セミナー初登場「リシャール」のミッシェル・リシャール氏。リシャールといえばあの可愛らしいプリント柄を思い出しますが、その実体はあまり知られていないように思います。今回はリシャールの紹介と、デギスタシオン(試食)をしました。まず最初は、リシャールの歴史から。元々は1925年リヨンに創業したパティスリーでしたが、1987年に高級ショコラトリーとしてパリへ進出。トレードマークともいえるカカオバターを使ったプリント技術は「グラフィズム」と呼ばれるもので、フィリングを表現するためにパリ進出当初から施されているそうです。


今回来日したミッシェル・リシャール氏は2代目。ショコラトリーを営む家に生まれ、父の姿を見て育った彼は、長い時間をかけてショコラの哲学を培ったといいます。ショコラティエとして自信に満ちた表情で話すその裏側には、リシャールとして、そして彼自身がショコラティエとして積んだ長い年月があるのでしょう。
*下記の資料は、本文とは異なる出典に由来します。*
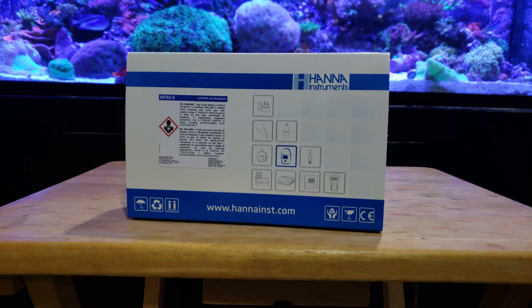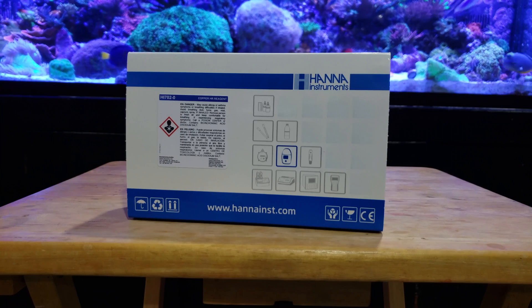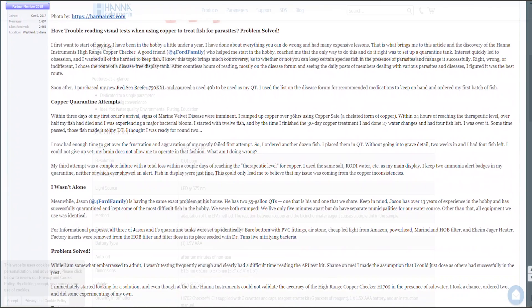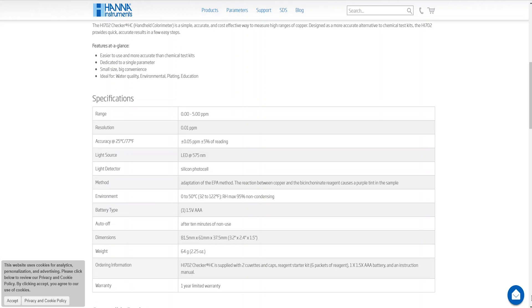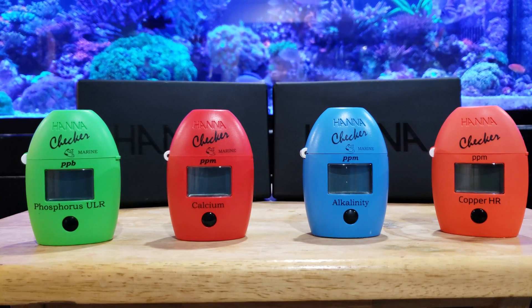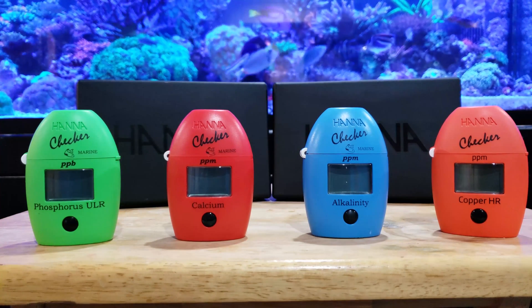Today I've received my new Hanna Copper Meter from BRS. I'm just taking it out of the box — this will be the first time I've ever used this meter. I want to send a shout out to Reef2Reef and to Hanna for making this meter possible. I believe this will make quarantine a lot easier for a lot of people. The Hanna High Range Color Meter, the HI-702, has a range of 0 to 5 ppm and is accurate to plus or minus 0.05 ppm — it's a very accurate meter. If you're familiar with Hanna, you probably already have the alkalinity meter and either the phosphate or phosphorus meters. I use those all the time and I can't wait to start using this.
 「おいしいショコラは沢山ありますが、『どのようにおいしいか』はそれぞれ。カカオ豆の品種や製法によって違いはありますが、食べてみてそれを表現することが大切です」。そんなメッセージから始まった試食。まず参加者全員に白い小箱が配られ、その中には「プチリシャール」という小さなボンボンが4粒。プチリシャールはアロマ(香り)によって7つのグループに分けられた、リシャールを代表する商品。今回のものは、その中から4つのグループの商品を一つづつ詰め合わせた、試食用のスペシャルアソートだそうです。
 リシャール氏の指示により、まずはオレンジの模様のショコラから。まずその口溶けの良さが印象的で、その後に軽い苦みがあります。「どうですか?」とリシャール氏は参加者の感想を求たあと、このショコラについて解説をしてくれました。「これは「バルサミック(穏やかな)」グループで、穏やかな気分にさせるチョコレート。ベネズエラ北部で採れるクリオロ種のカカオ豆を使っています。皆さん穏やかな気分になりましたか?」と問いかけるリシャール氏。こうやって職人の話を聞きながら食べることほど、美味しく感じるものはありません。

リシャールというと外見の可愛らしさばかりを取り上げがちですが、今回の話から味のこだわりを聞く事ができ、色々な種類を改めて食べてみたくなりました。特にセンターがフルーツやキャラメルのクーリ(*3)になったものは、他では見かけないリシャールらしいもの。少しバタースコッチのような風味があり、日本人には馴染みやすいチョコレートのように思いました。こんな新しい発見も、このセミナーの醍醐味かもしれません。